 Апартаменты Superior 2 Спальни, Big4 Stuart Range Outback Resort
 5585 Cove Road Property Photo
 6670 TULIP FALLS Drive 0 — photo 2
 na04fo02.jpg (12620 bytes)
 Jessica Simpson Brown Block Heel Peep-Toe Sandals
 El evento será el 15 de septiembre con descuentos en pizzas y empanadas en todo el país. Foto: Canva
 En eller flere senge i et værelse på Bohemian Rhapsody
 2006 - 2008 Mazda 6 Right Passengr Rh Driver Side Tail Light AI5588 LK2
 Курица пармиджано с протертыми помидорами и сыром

..............................

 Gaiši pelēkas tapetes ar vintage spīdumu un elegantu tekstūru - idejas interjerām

..............................

Starting at the line above that holds "5585 Cove Road Property Photo" and ending at the line that holds "Курица пармиджано с", transcribe each line exactly and include no other lines.

 5585 Cove Road Property Photo
 6670 TULIP FALLS Drive 0 — photo 2
 na04fo02.jpg (12620 bytes)
 Jessica Simpson Brown Block Heel Peep-Toe Sandals
 El evento será el 15 de septiembre con descuentos en pizzas y empanadas en todo el país. Foto: Canva
 En eller flere senge i et værelse på Bohemian Rhapsody
 2006 - 2008 Mazda 6 Right Passengr Rh Driver Side Tail Light AI5588 LK2
 Курица пармиджано с протертыми помидорами и сыром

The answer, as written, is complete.